Beijing Key Laboratory of Learning and Cognition, School of Psychology, Capital Normal University, No. 23 Bai Dui Zi Jia, Beijing, 100048, China.
Beijing Key Laboratory of Applied Experimental Psychology, National Demonstration Center for Experimental Psychology Education (Beijing Normal University), Faculty of Psychology, Beijing Normal University, No. 19 Xin Jie Kou Wai Street, Beijing, 100875, China.
Behav Res Methods. 2024 Dec;56(8):8695-8714. doi: 10.3758/s13428-024-02498-x.
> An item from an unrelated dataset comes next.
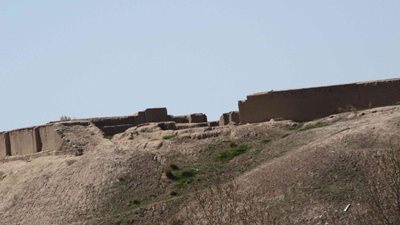 نظرآباد-محوطه-باستانی-ازبکی-216682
Epub 2024 Sep 13.
Computerized adaptive testing (CAT) aims to present items that statistically optimize the assessment process by considering the examinee's responses and estimated trait levels. Recent developments in reinforcement learning and deep neural networks provide CAT with the potential to select items that utilize more information across all the items on the remaining tests, rather than just focusing on the next several items to be selected. In this study, we reformulate CAT under the reinforcement learning framework and propose a new item selection strategy based on the deep Q-network (DQN) method. Through simulated and empirical studies, we demonstrate how to monitor the training process to obtain the optimal Q-networks, and we compare the accuracy of the DQN-based item selection strategy with that of five traditional strategies-maximum Fisher information, Fisher information weighted by likelihood, Kullback‒Leibler information weighted by likelihood, maximum posterior weighted information, and maximum expected information-on both simulated and real item banks and responses. We further investigate how sample size and the distribution of the trait levels of the examinees used in training affect DQN performance. The results show that DQN achieves lower RMSE and MAE values than traditional strategies under simulated and real banks and responses in most conditions. Suggestions for the use of DQN-based strategies are provided, as well as their code.
计算机化自适应测验 (CAT) 的目的是通过考虑考生的反应和估计的特质水平,呈现出在统计学上优化评估过程的项目。强化学习和深度神经网络的最新发展为 CAT 提供了选择利用剩余测试中所有项目更多信息的项目的潜力,而不仅仅是关注接下来要选择的几个项目。在这项研究中,我们在强化学习框架下重新制定了 CAT,并提出了一种新的基于深度 Q 网络 (DQN) 方法的项目选择策略。通过模拟和实证研究,我们展示了如何监控训练过程以获得最佳的 Q 网络,并比较了基于 DQN 的项目选择策略与最大信息量、似然加权信息量、Kullback-Leibler 信息量、最大后验加权信息量和最大期望信息量等五种传统策略在模拟和真实题库和反应中的准确性。我们进一步研究了训练中使用的样本量和考生特质水平分布如何影响 DQN 的性能。结果表明,在大多数情况下,DQN 在模拟和真实题库和反应中的 RMSE 和 MAE 值均低于传统策略。还提供了基于 DQN 的策略的使用建议及其代码。